DPCB complexes are effective catalysts for organic reactions [36,103,105,106,107]. Scheme 34 demonstrates some of the cross-coupling reactions—such as the Sonogashira [99] (A), Suzuki–Miyaura (B) [105], and Migita–Kosugi–Stille (C) [108] reactions catalyzed by DPCB–transition metal complexes—with representative examples.

Scheme 35 shows some other examples. The Ullmann-type amination reactions (A) can be executed with a DPCB catalyst without a solvent at room temperature [109,110]. Hydroamination to 1,3-dienes (B) can be induced at room temperature without a solvent [103]. An enyne metathesis reaction (C) proceeds via a DPCB–gold complex 93 [101]. Cyanation reactions (D) are widely applied to convert halobenzenes to cyanobenzenes catalyzed by 94 [111]. Ethylene polymerization (E) is catalyzed by thermally stable palladium and a platinum DPCB-ligated catalyst such as 91 and 92 [97,100].

A stable (π-allyl)palladium complex such as 94 (shown in Scheme 32) [103] has shown a wide range of catalytic reactivity including in the Tsuji–Trost-type reaction that enables allylic alcohols to yield amines via the elimination of water [36,105,106] under mild conditions such as room temperature for 1 h with a 0.1 mol% DPCB–palladium catalyst.

Scheme 36 [112] shows that, starting from either from primary or secondary C4-allylic alcohol (99 or 100), products 101 and 102 are regioselectively obtained in the same ratio (86:14) and the same yield (95%), indicating that (π-allyl)palladium complex 103 is a common intermediate.

Direct alkylation can be regioselectively achieved using carbanions from active methylene compounds such as ethyl acetylacetate (105) as a nucleophile in order to formally substitute the OH group of allylic alcohol 104 with an alkylation product (106) in a high yield, as shown in Scheme 37 [112], where an intermediate 107 is supposed to be functional.
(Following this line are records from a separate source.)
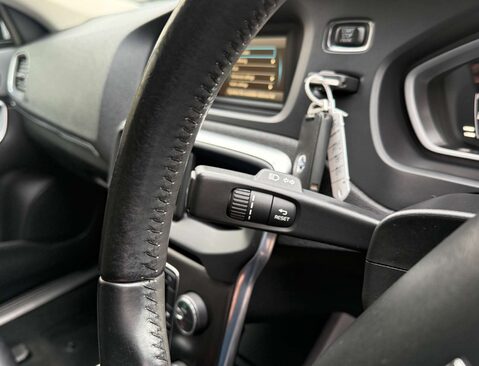 Volvo V40 1.6 V40 SE Luxury D2 Auto 5dr 20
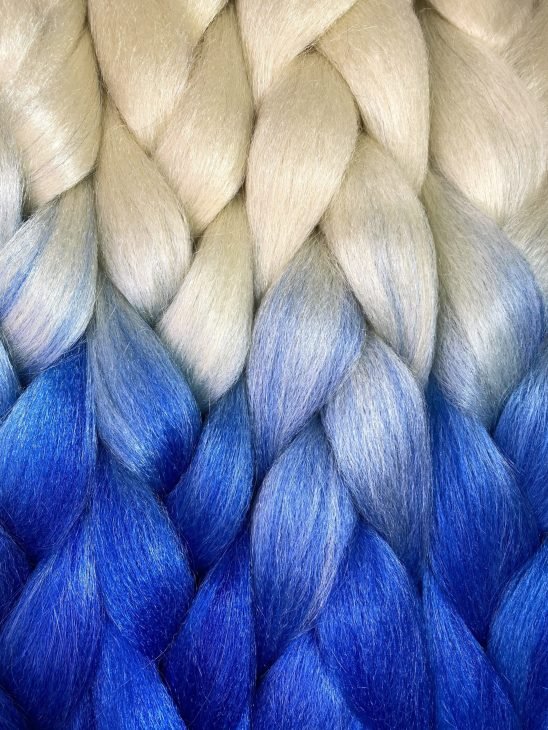 Blond-Elektrisk blå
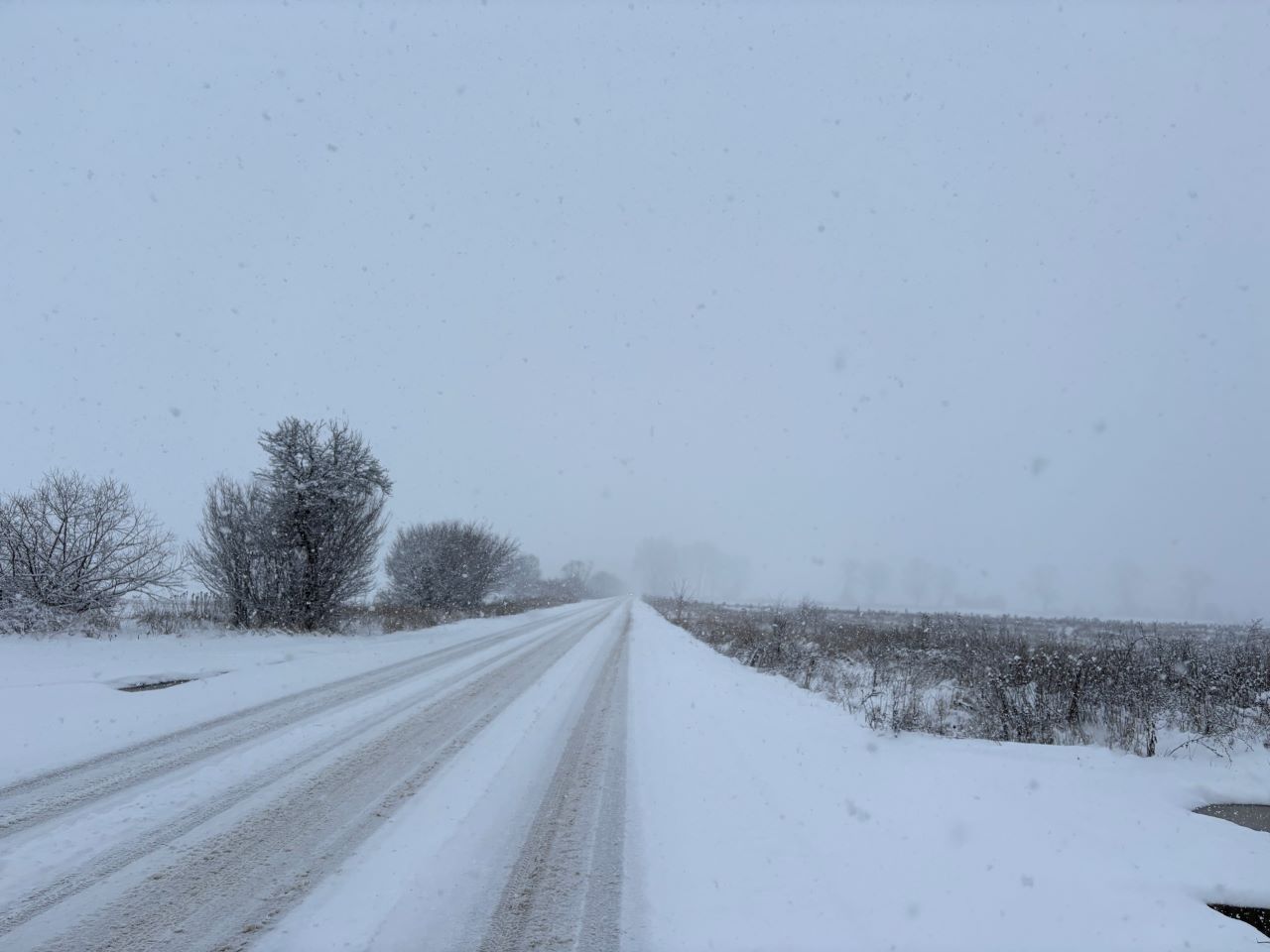 Внимание! Скална маса ограничи движението София - Самоков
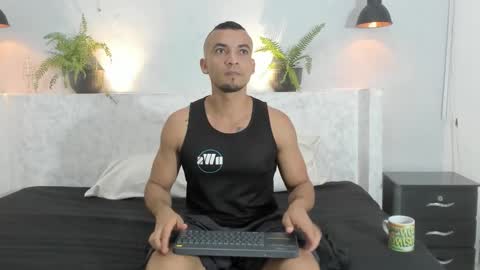 Snapshot of johan_miller1 chatting on November 12, 2025, 10:48 am johan online show from November 12, 2025, 10:48 am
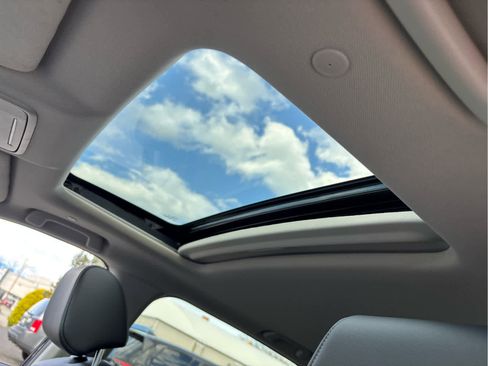 Certified 2023 Honda CR-V EX-L image 9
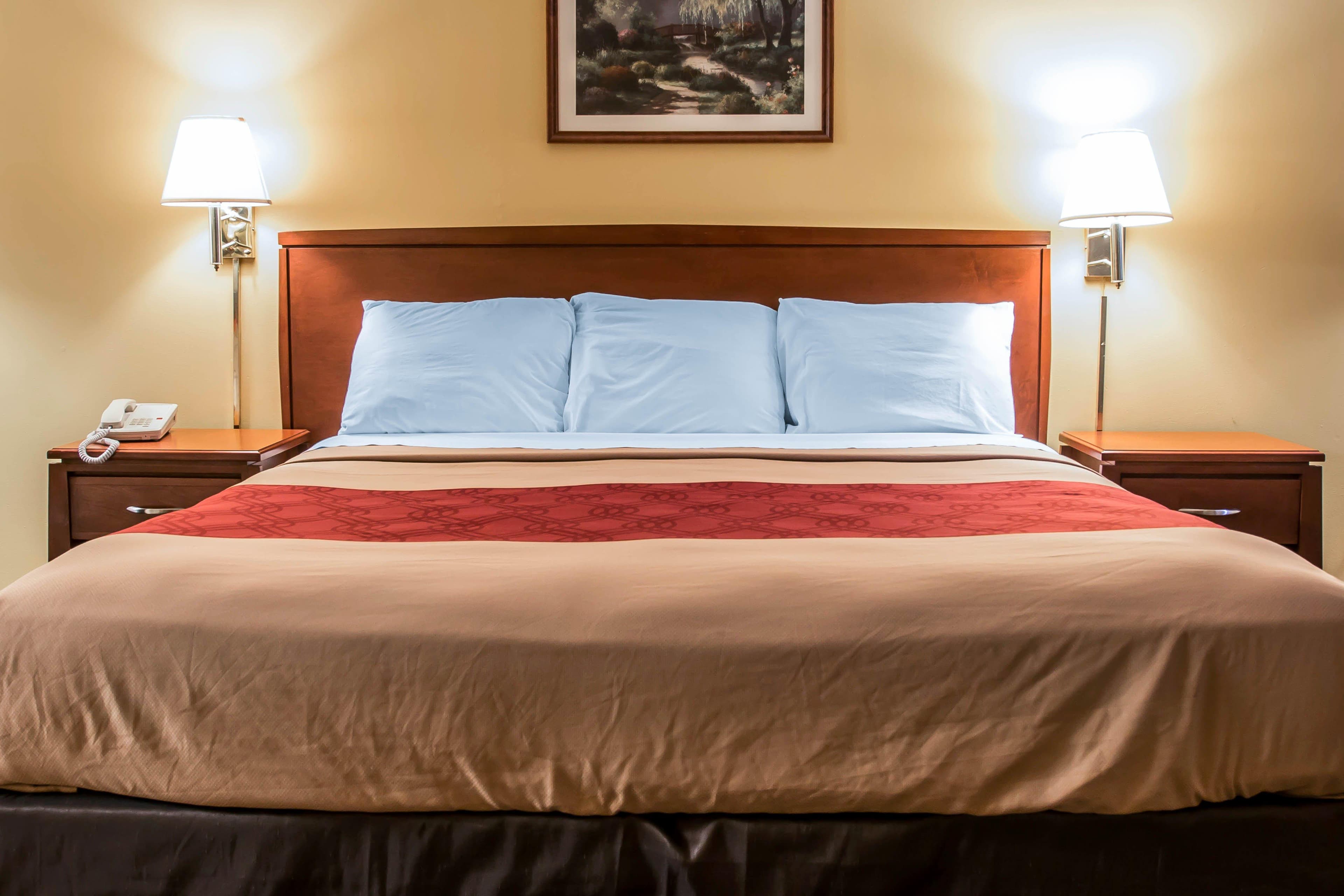 Econo Lodge Paw Paw — 20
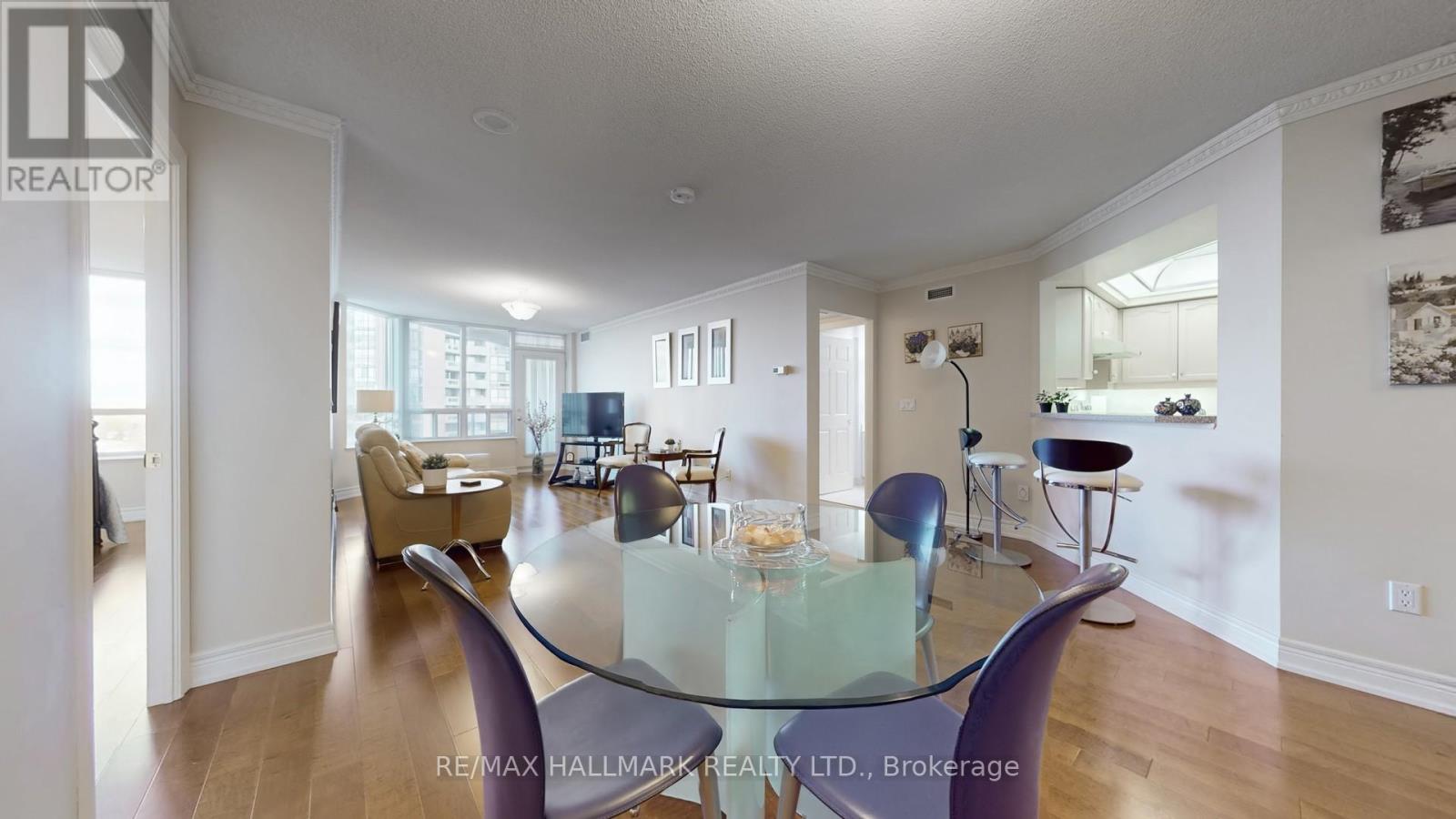 #1610 89 SKYMARK DRIVE - 14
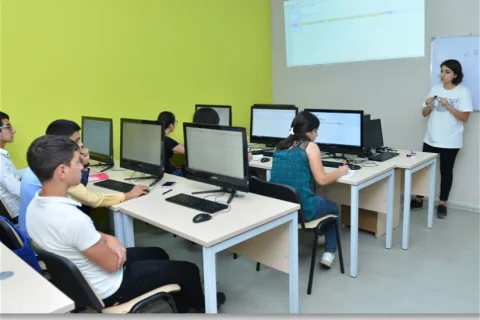 Orta ixtisas təhsili müəssisələrinin boş qalan yerləri üzrə ixtisas seçimi başlayıb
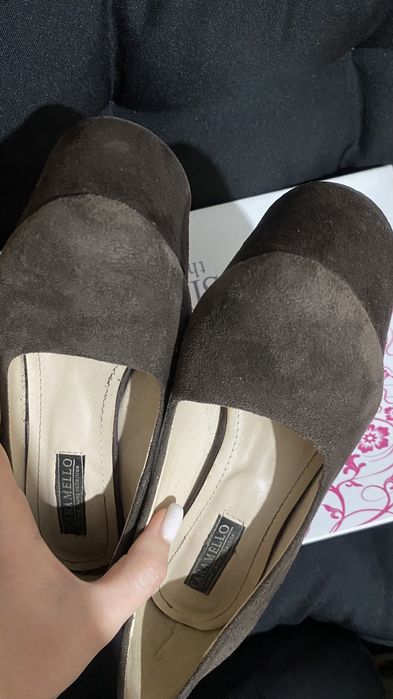 Туфлі на шпильці шоколадного кольору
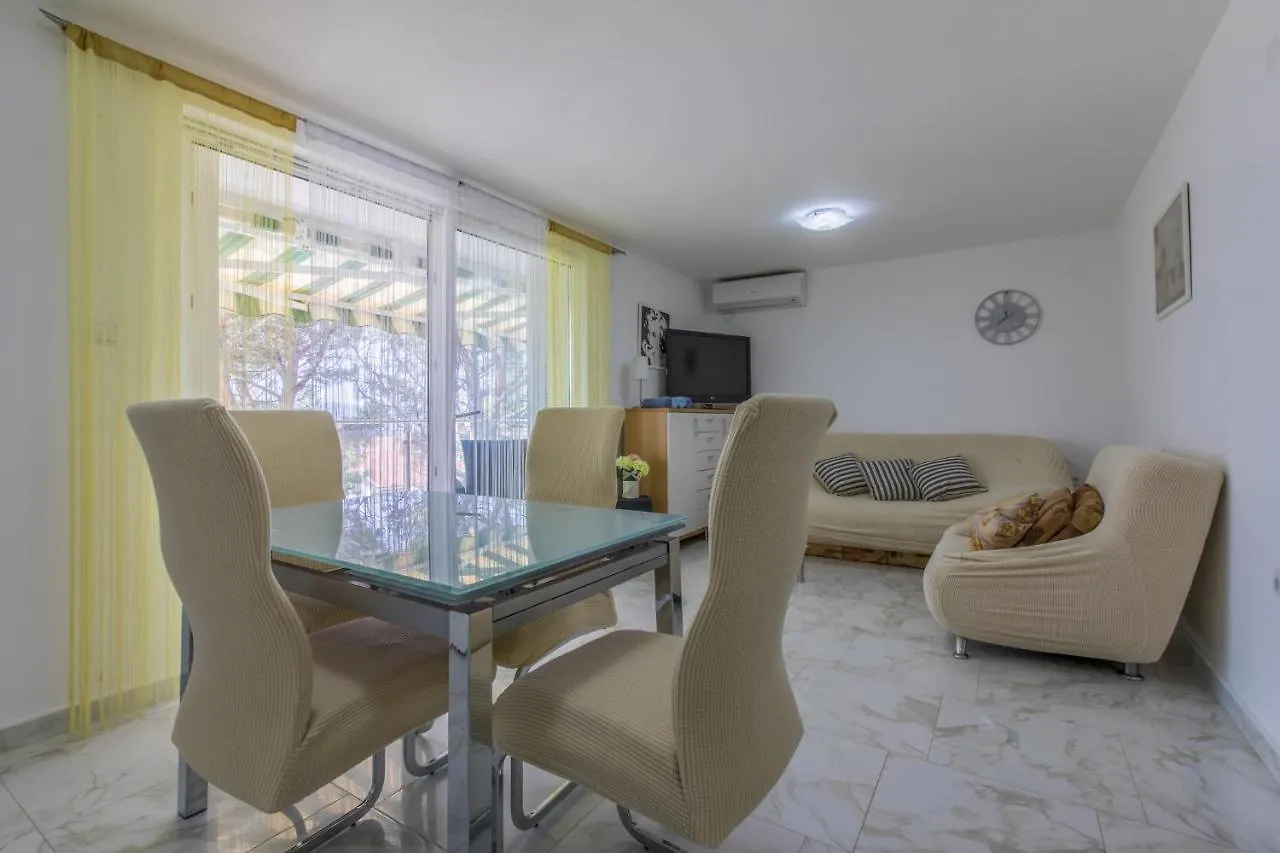 Apartmán Kotvica Selce 0*,  Chorvatsko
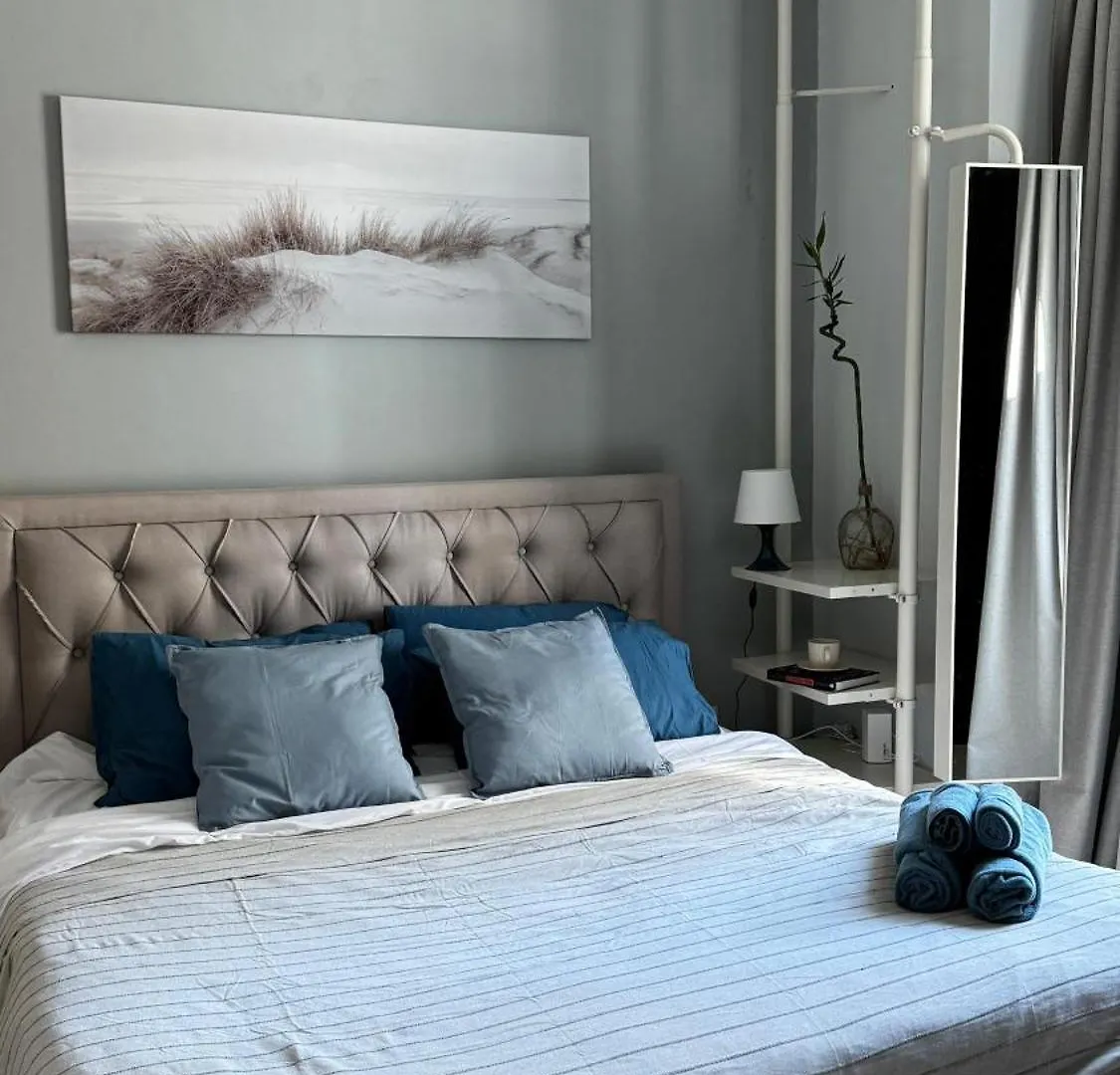 Dubai Marina Coastal Dreams Near Jbr Apartment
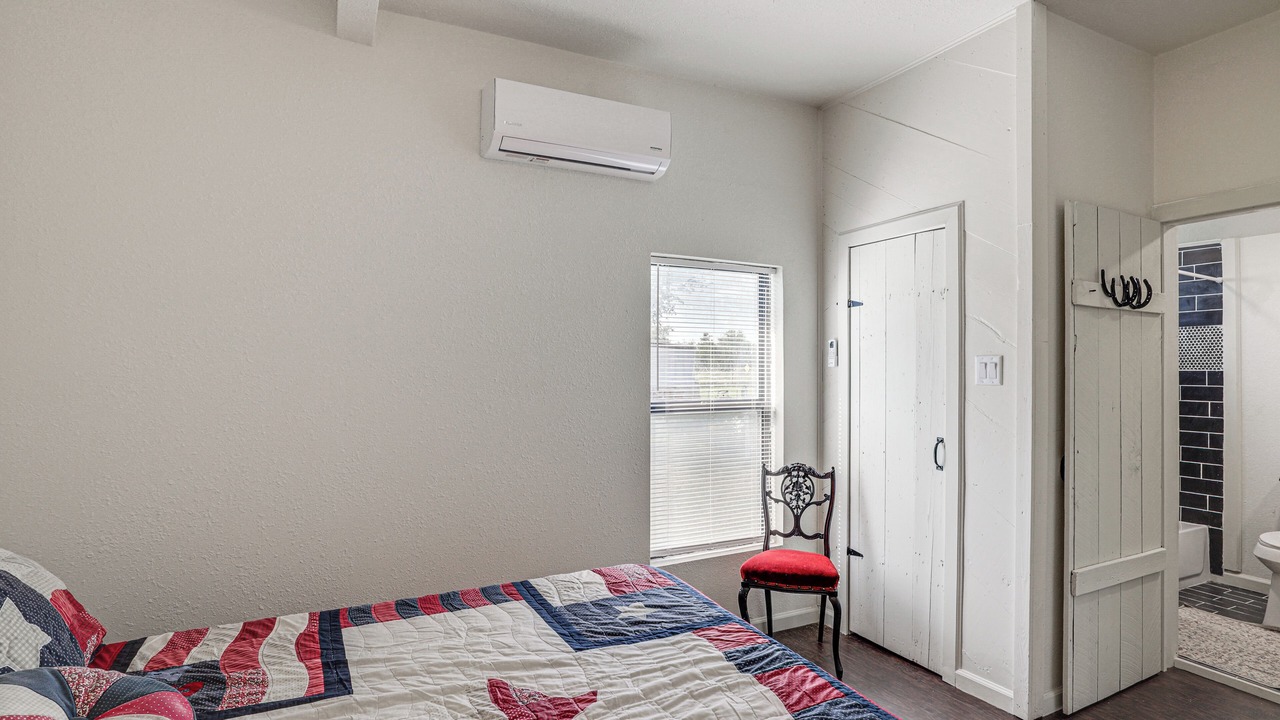 Photo of Bedroom in Jacksboro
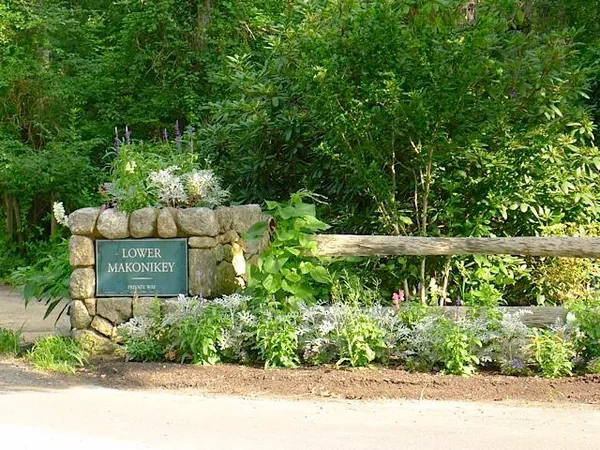 $1,495,000 | 11 Beach Pebble Road, West Tisbury, MA 02568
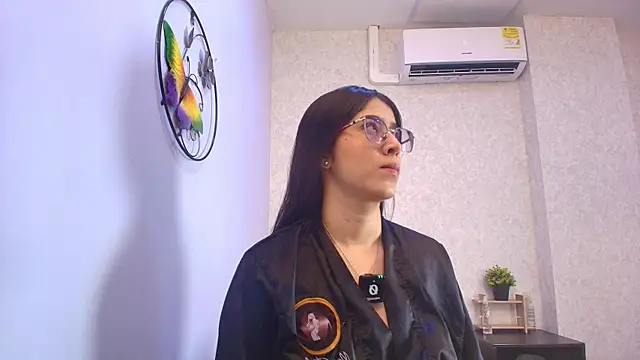 Amy wats0n online show from December 19, 2025, 7:05 pm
It is not necessary to convert alcohol 104 to a more reactive derivative (such as an ester or halide) as an allylic starting material in advance of conventional Tsuji–Trost reactions.

Furthermore, the reaction from a chiral alcohol 108 of 98.5 %ee yields corresponding amine 109 of the same chirality in a 92% yield, which indicates that a double inversion process is involved and surrounds intermediate 110 during the reaction course to control the stereochemistry (Scheme 38) [112].

These results indicate that DPCB ligands have a high coordination ability due to their σ-donation/π-back donation interactions, strong π-acceptor property due to their low-lying LUMO (π*), and unique coordination structure with planarity. In addition, the catalysts are highly stable toward air and reusable after reactions in most cases. The above characteristics are superior to catalysts with ligands having sp³ phosphorus or sp² nitrogen atoms for catalytic organic reactions.

Recently, Ozawa reported using pincer ligands such as 111–113 (Scheme 39) to activate CO bonds in carbon dioxide, taking advantage of the frustrated lone pair (FLP) within the ligand [113,114]. Further fundamental and applied investigation are expected to lead to progress in research of this type of low-coordinate phosphorus ligand for ideally efficient catalytic reactions.

5. Closing Remarks

Forty years have passed since a true “phosphobenzene” was prepared for the first time in 1981 via the steric protection methodology with an extremely bulky 2,4,6-tri-t-butylphenyl group (Mes*). It was believed, even theoretically, that molecules such as those with heavier main-group elements never existed as stable compounds, but various kinds of “unusual” phosphorus compounds have been isolated and characterized by utilizing the Mes* group. Interest in basic research on this class of compounds and synthetic applications for organic synthesis is high. This review article was based on a plenary lecture delivered by the author at the 23rd International Conference on Phosphorus Chemistry (ICPC-23) remotely held in Częstochowa, Poland, 5–9 July 2021 [115].